Krakow’s Bold Step to Curb Electromagnetic Pollution Reflects Growing Evidence of Harm
As Kraków, Poland’s second city, takes steps to protect its citizens from rising electromagnetic ‘smog’ from mobile phones, wifi, Bluetooth, smart meters and other devices, Lynne Wycherley summarises 2016’s news highlights on the emerging bio-risks of rising exposure to non-ionisiong radiation. For how much longer can governments continue to ignore the growing evidence of harm?
Are we placing a covert stress, perhaps, on our exposed trees and pollinators? Could we be failing to safeguard children, teenagers, and those in frail health? What is the growing carbon cost of global, ever-on transmitters?
The first mayor of Kraków to be elected by popular ballot, law professor Jacek Majchrowski is tackling an environmental issue most governors avoid: the electromagnetic pollution in his city.
Following work on air pollution, and in response to growing demand, he is initiating forums for citizens to discuss the growing ‘smog’ of electro-magnetic fields (EMFs).
In a world first he is also initiating the provision of meters to detect radio-frequency (RF) / extremely low frequency (ELF) EMFs so people can collect objective data on their exposure.
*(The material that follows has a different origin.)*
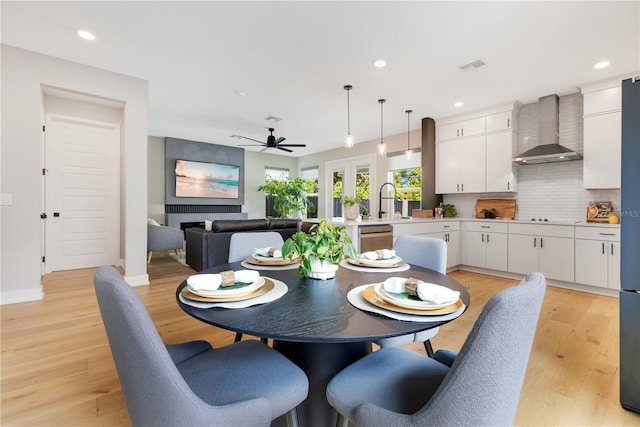 dining area with light wood-style flooring, a ceiling fan, visible vents, and recessed lighting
In December, Majchrowski hosted an international conference on EMF pollution and citizens’ ‘right to information’ – an echo of the new Right to Know law in Berkeley, California (cell-phone sellers must supply safety information).
Speakers included Sławomir Mazurek, a pro-reform Polish minister for the Environment. Majchrowski and his team are now re-zoning mobile-phone masts (cell towers) to reduce EMF exposure levels.
With similar boldness, Argentina’s Lower National Congress proposed a new health law last year to regulate electromagnetic pollution.
Supported by trade unions and NGOs, its radical draft measures included hard-wired networks in schools (also hospitals) – recalling the recent Green-led French law on “electromagnetic sobriety” (2015) and recommendations of the American Pediatrics Society and British Doctors’ Initiative.
A planetary paradox
Across the planet, 2016 had seen a paradoxical trend: anthropogenic radiation from mobile and wireless trends continued to rise rapidly, alongside striking, under-reported findings on its possible bio-risks.
Cell-phone use was still climbing. India alone reached over 1 billion verified subscriptions. But like Wilde’s picture of Dorian Gray, the small screens endlessly sold to us harboured a troubling reality. In May, researchers in the USA’s $25 million National Toxicology Programme released early warnings (later stated in detail). Cell-phone radiation had shown clear tumour-promoting effects in the hearts and brains of the rats under study.
In Britain, meanwhile, neuroscientist Dr Sarah Starkey published a key peer-reviewed paper (October 2016) that exposed shocking bias in the 2012 report by AGNIR, the Advisory Group on Non-ionising Radiation – a report behind many governments’ take-no-action health policies, including the UK’s. And one which (as she demonstrates) blatantly excludes the peer-reviewed precautionary science.
Long buried by Germany’s government, a report offering a rare window on 878 Russian-language science papers (1960-1997) was finally translated, with updates, into English. Long-term studies on Soviet workers repeatedly charted chronic debilitation from weak EMFs – including pulsed microwaves that have been commercially ‘repackaged’ for today’s telecoms.
Though research protocols differed from those current today, raising potential questions, the author, medical Professor Karl Hecht, persuasively condemns his government – and the West as a whole – for its reliance on short-term studies.
Voices in the wind: unheard cautions
But escalating trends were in train. In July, the USA’s Federal Communications Commission approved unbridled commercial development of 5G, (July), despite serious question-marks about the new electromagnetic radiation being lined up for use, and the spiralling public exposure it would bring.